*** TASK INPUT ***

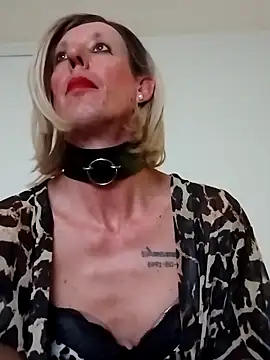 AlexiaXXL online show from March 2026 03:25:01 AM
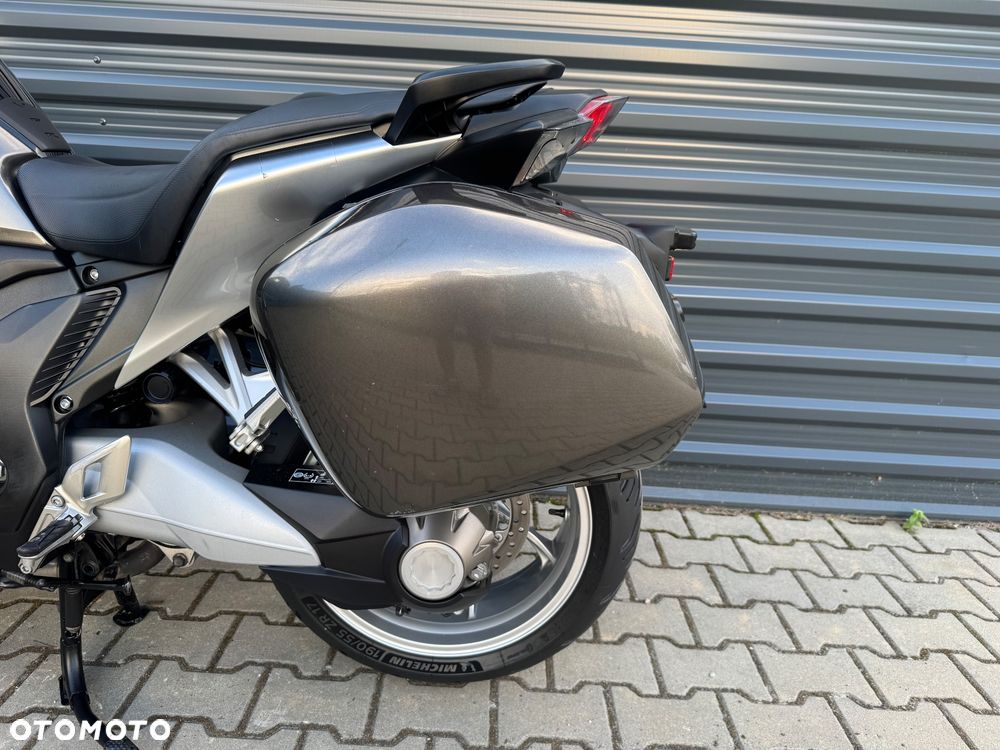 Honda VFR - 14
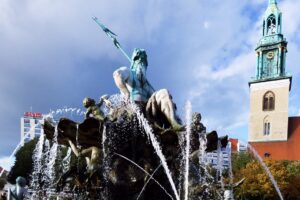 A Neptun-kút főalakja Berlinben (Fotó: Wikimedia Commons – Neptun 1a 2 (közkincs)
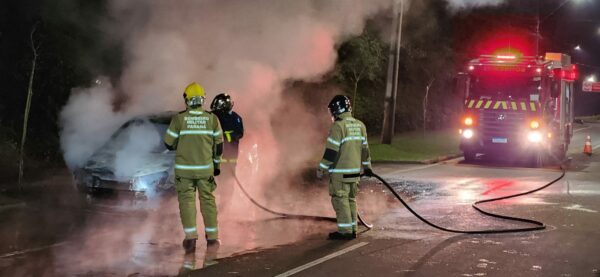 carro pega fogo incêndio curitiba motorista ileso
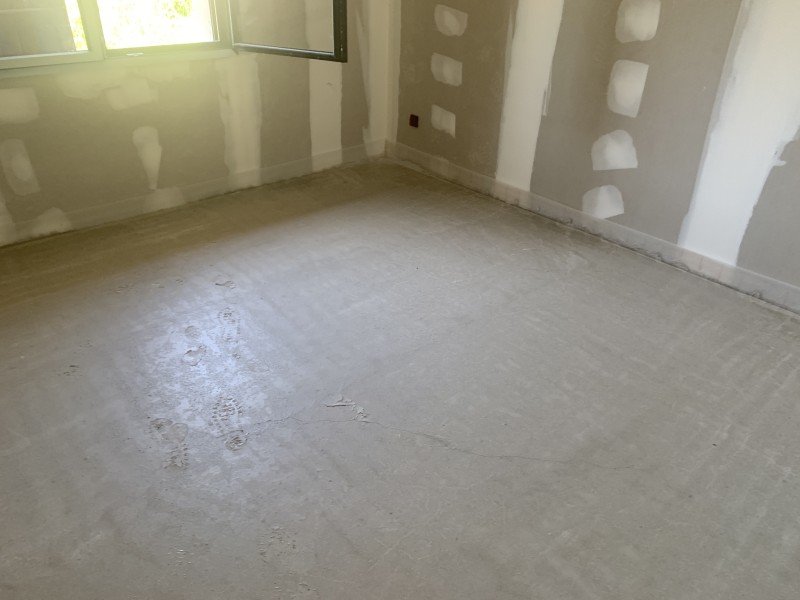 Installation d’un plancher chauffant sur 120 m² et d’une pompe à chaleur Daikin air/eau à Saint-Genis-Pouilly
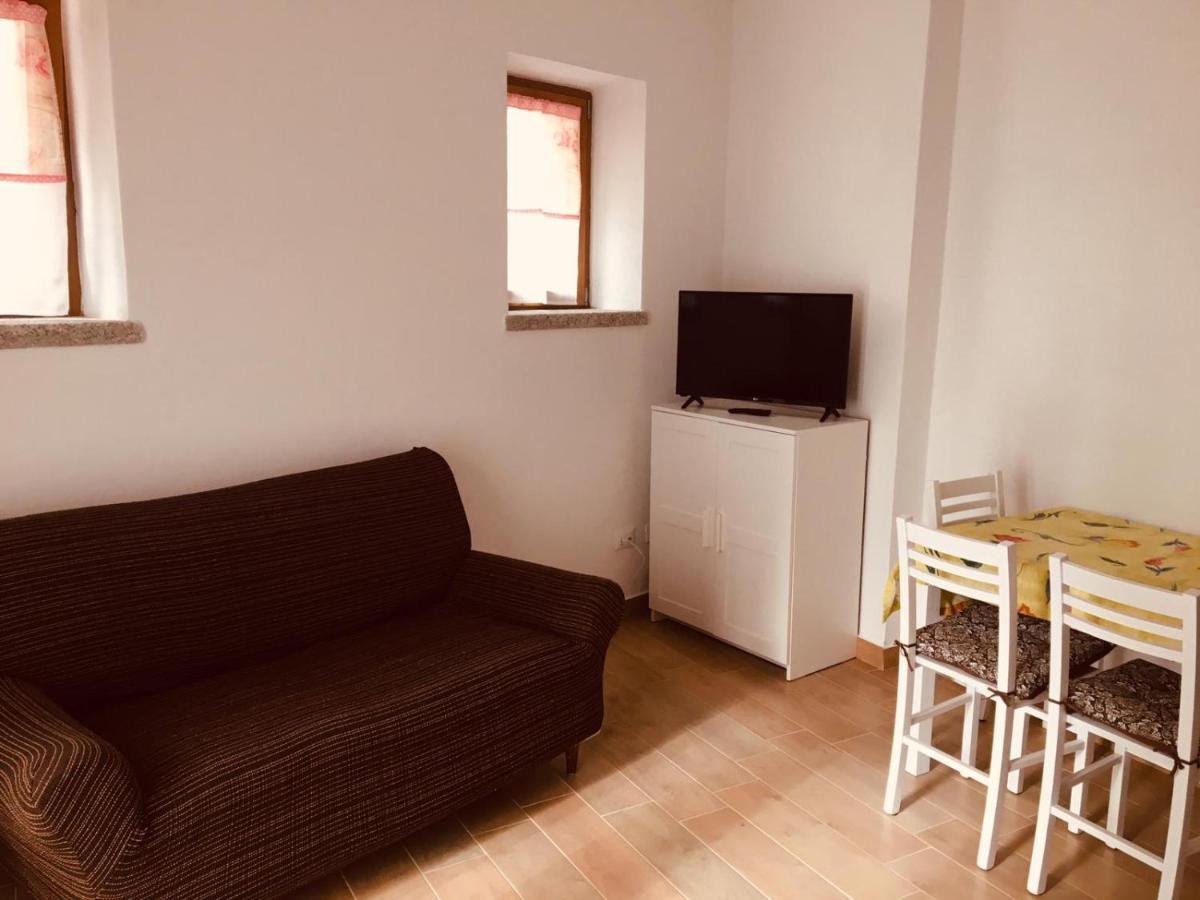 Cav Mameli Aparthotel Доргали Екстериор снимка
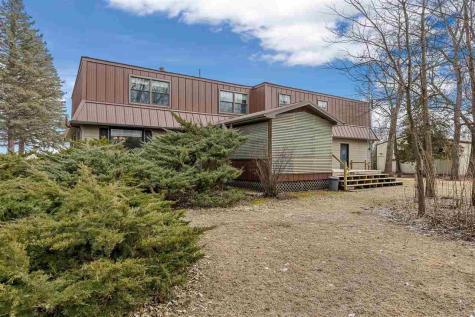 5297 Sand Road SE Iowa City IA 52240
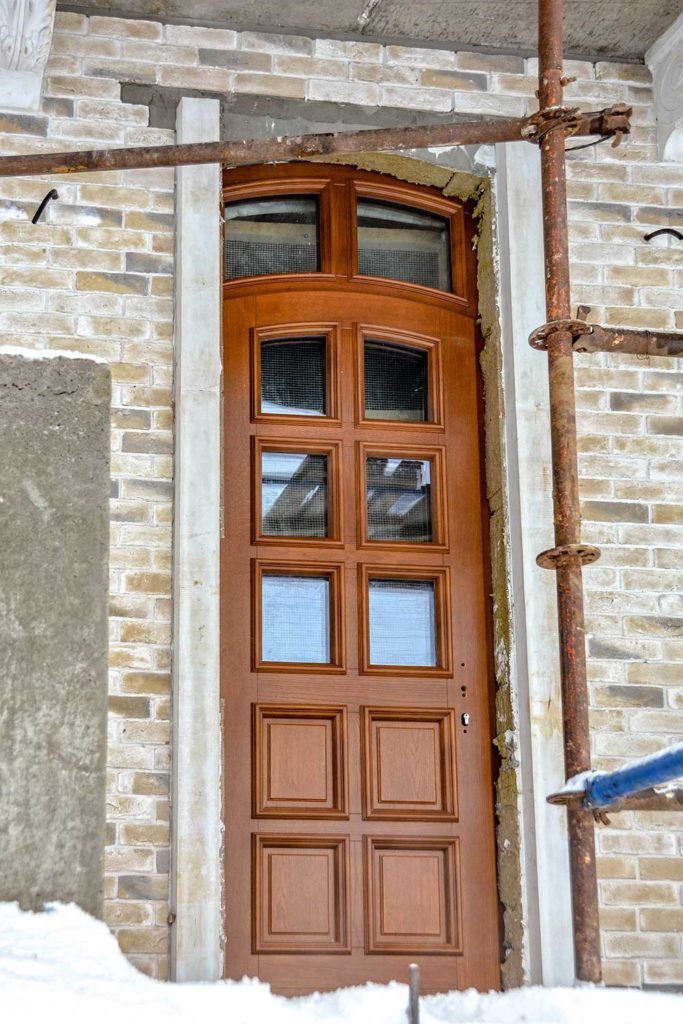 Установлены дубовые окна и двери в историческом исполнении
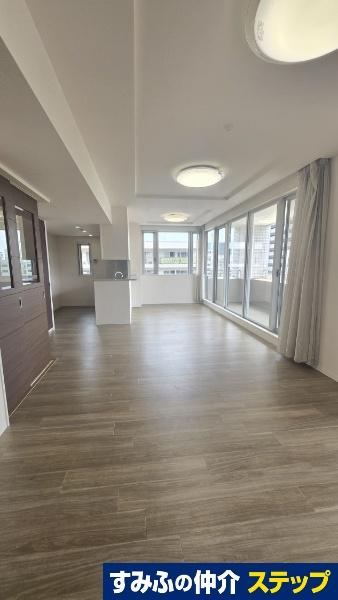 Bright 2LDK+S Apartment in Showa, Sendai - Photo 1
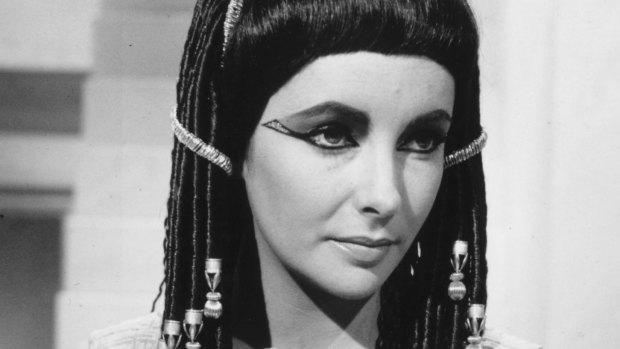 1963: American actor Elizabeth Taylor in her role as Cleopatra.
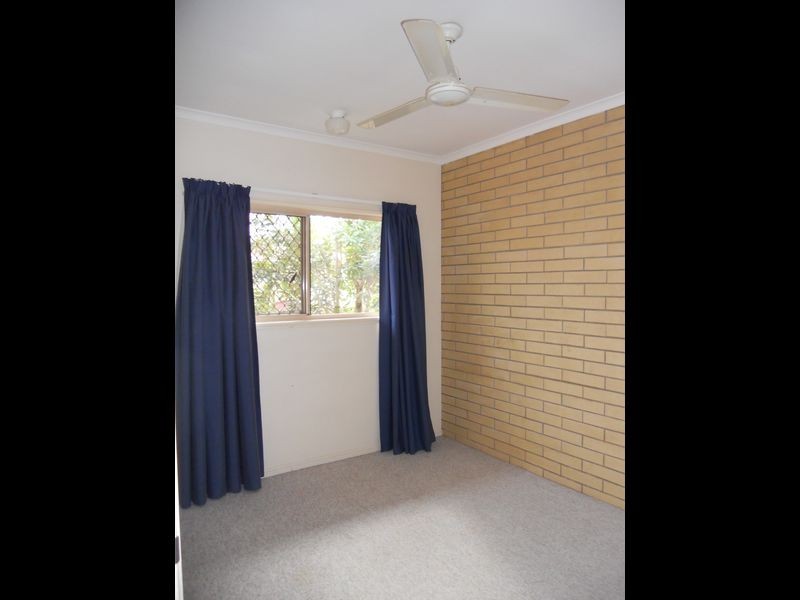 Manoora QLD 4870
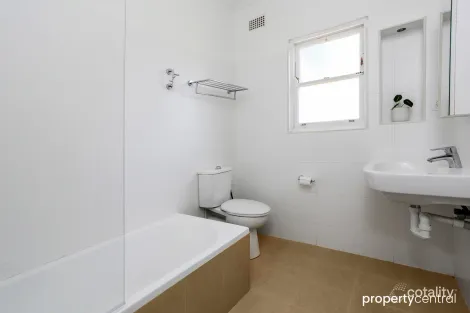 Property photo of 2 Bellereeve Avenue Mount Riverview NSW 2774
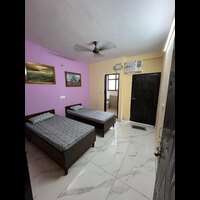 Iris Residency PG in Sector 14, Gurugram, Haryana, India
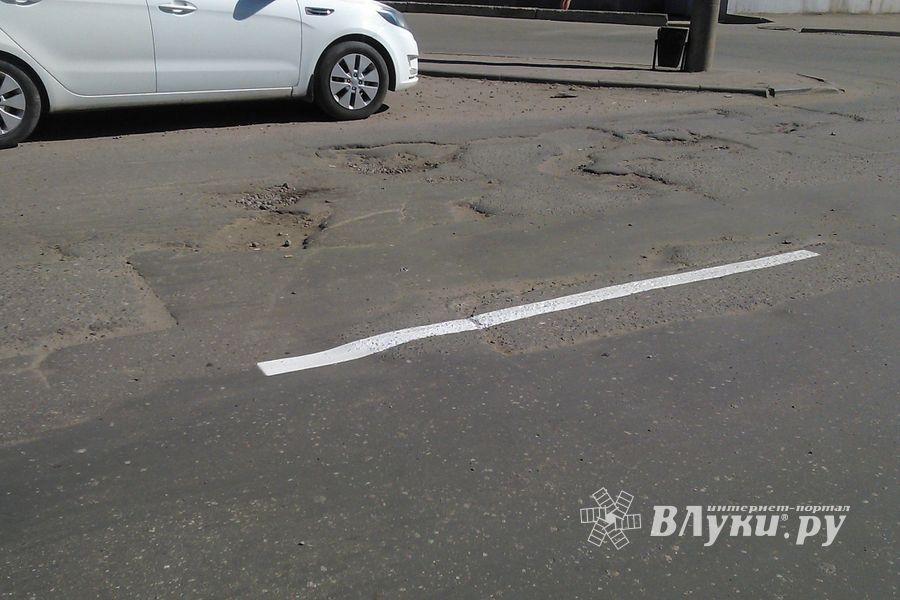 На дорогах Великих Луках появилась новая разметка, а новый асфальт — нет (ФОТО)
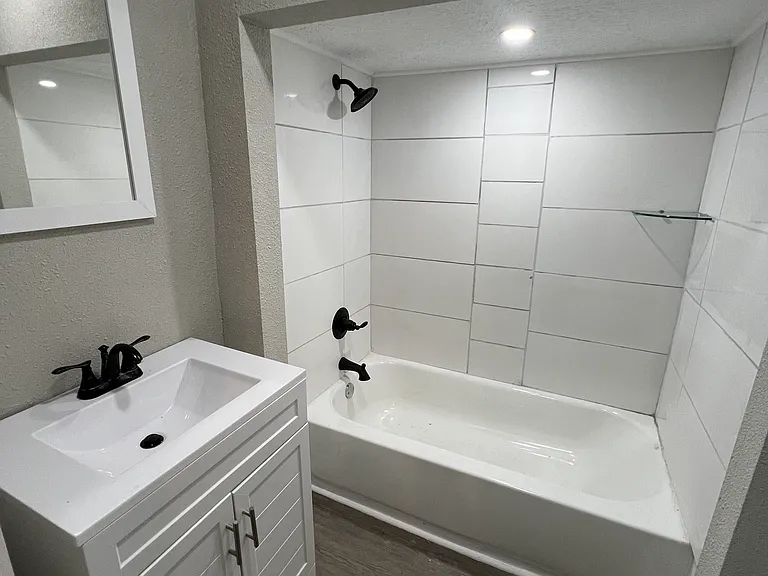 1470 N Grant Ave #1 — Photo 11
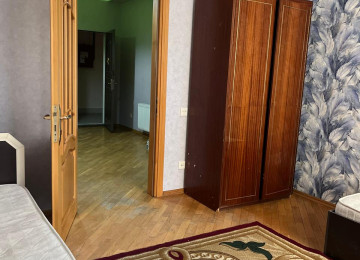 Memar Əcəmi metrosuna, və Moskva univermagının yaxınlıgında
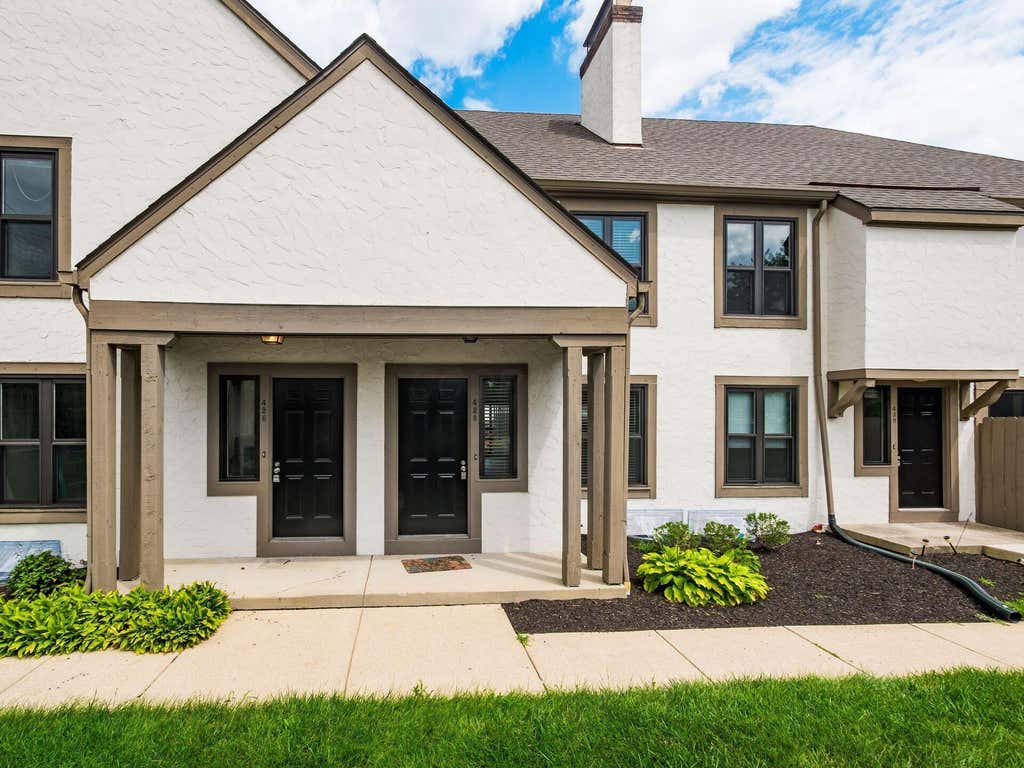 Photo of 428 Edinburgh Road, Dublin, OH 43017 (MLS # 226028880)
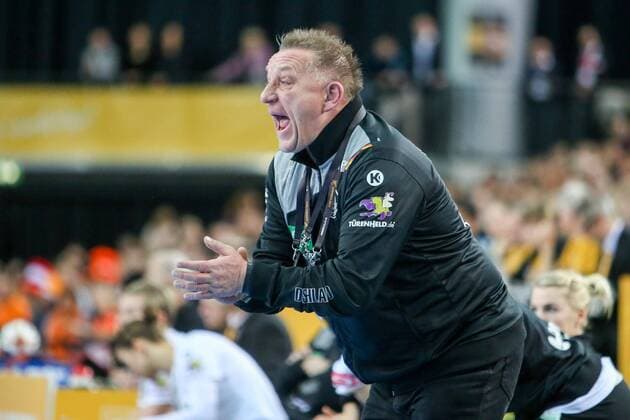 Germany Netherlands Handball Women World Cup Leipzig 08 12 2017 Arena Leipzig World Cup 2017 Handball Women Preliminary Group D Germany GER vs Netherlands NED image v l National coach Michael Biegler Germany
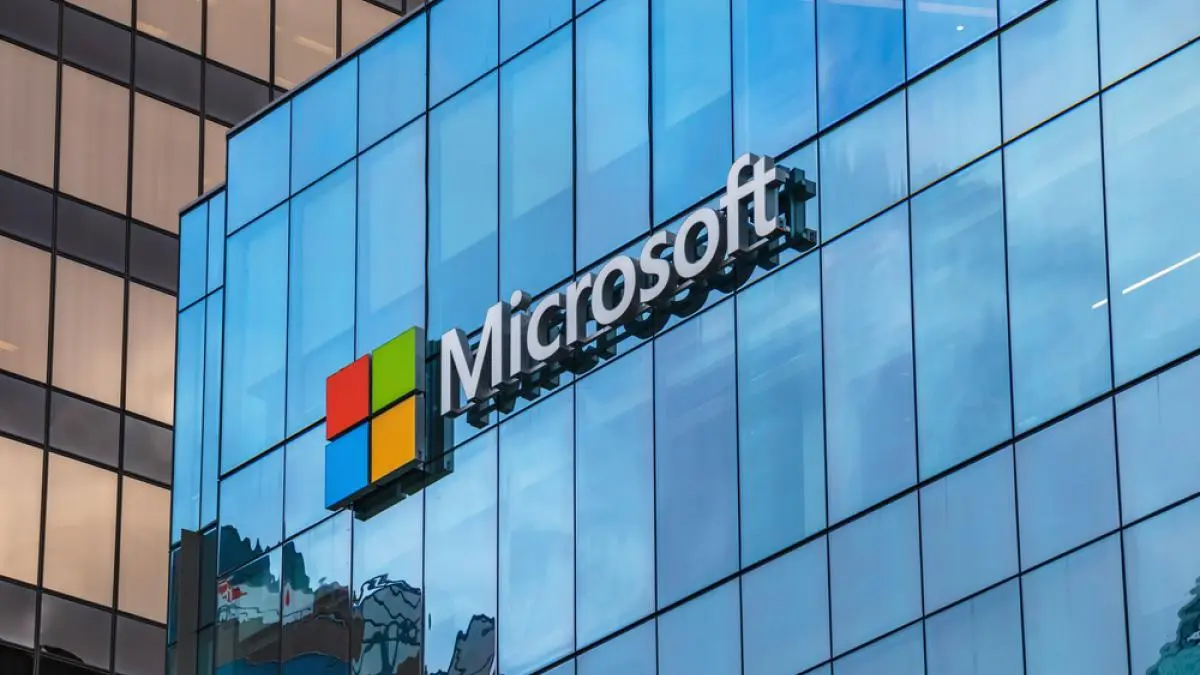Εκατοντάδες υπαλλήλους απέλυσε η Microsoft Corp αυτή την εβδομάδα
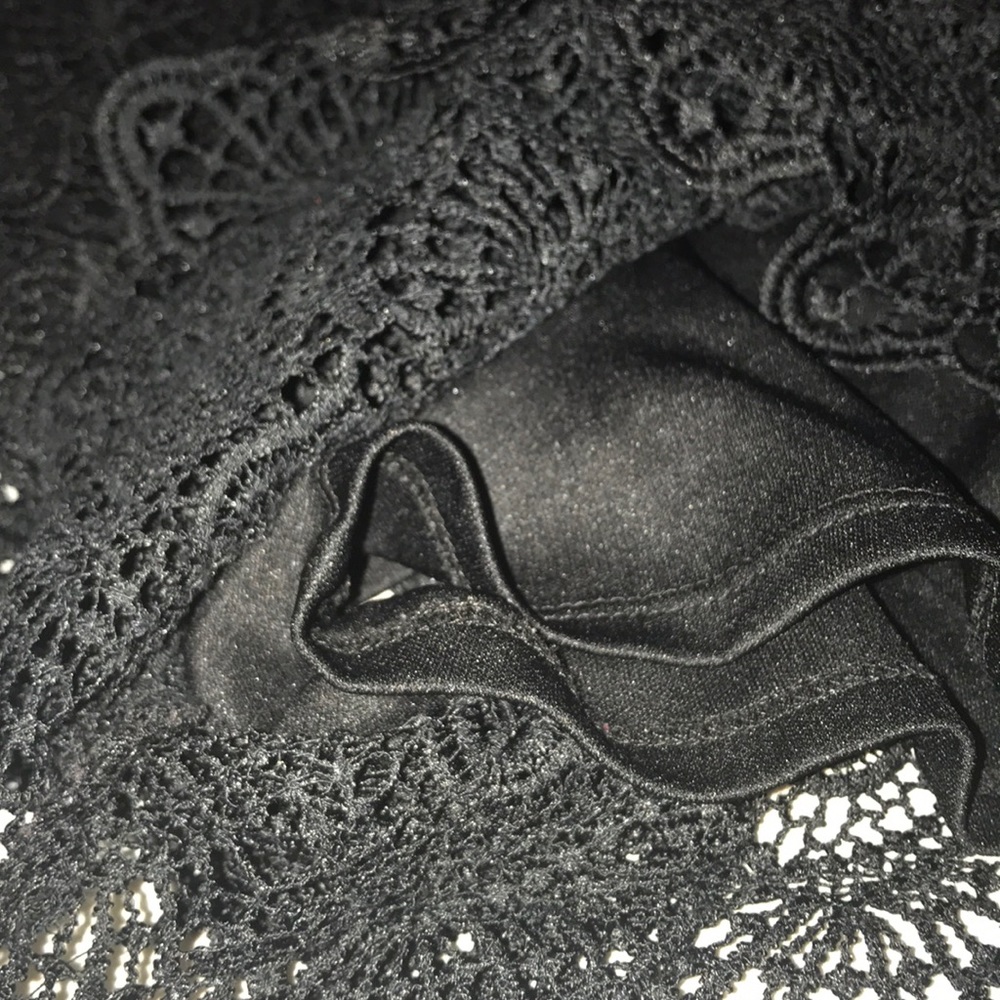 Black Fringe/lace Shorts - Picture 5 of 6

*** End of TASK INPUT ***

▶ YOUR OBJECTIVE
Output exactly the lines from the line containing "5297 Sand Road SE Iowa City IA 52240" through the last line of the records, both included, and leave out every picture.

▶ RESULT FOR THIS TASK
 5297 Sand Road SE Iowa City IA 52240
 Установлены дубовые окна и двери в историческом исполнении
 Bright 2LDK+S Apartment in Showa, Sendai - Photo 1
 1963: American actor Elizabeth Taylor in her role as Cleopatra.
 Manoora QLD 4870
 Property photo of 2 Bellereeve Avenue Mount Riverview NSW 2774
 Iris Residency PG in Sector 14, Gurugram, Haryana, India
 На дорогах Великих Луках появилась новая разметка, а новый асфальт — нет (ФОТО)
 1470 N Grant Ave #1 — Photo 11
 Memar Əcəmi metrosuna, və Moskva univermagının yaxınlıgında
 Photo of 428 Edinburgh Road, Dublin, OH 43017 (MLS # 226028880)
 Germany Netherlands Handball Women World Cup Leipzig 08 12 2017 Arena Leipzig World Cup 2017 Handball Women Preliminary Group D Germany GER vs Netherlands NED image v l National coach Michael Biegler Germany
Εκατοντάδες υπαλλήλους απέλυσε η Microsoft Corp αυτή την εβδομάδα
 Black Fringe/lace Shorts - Picture 5 of 6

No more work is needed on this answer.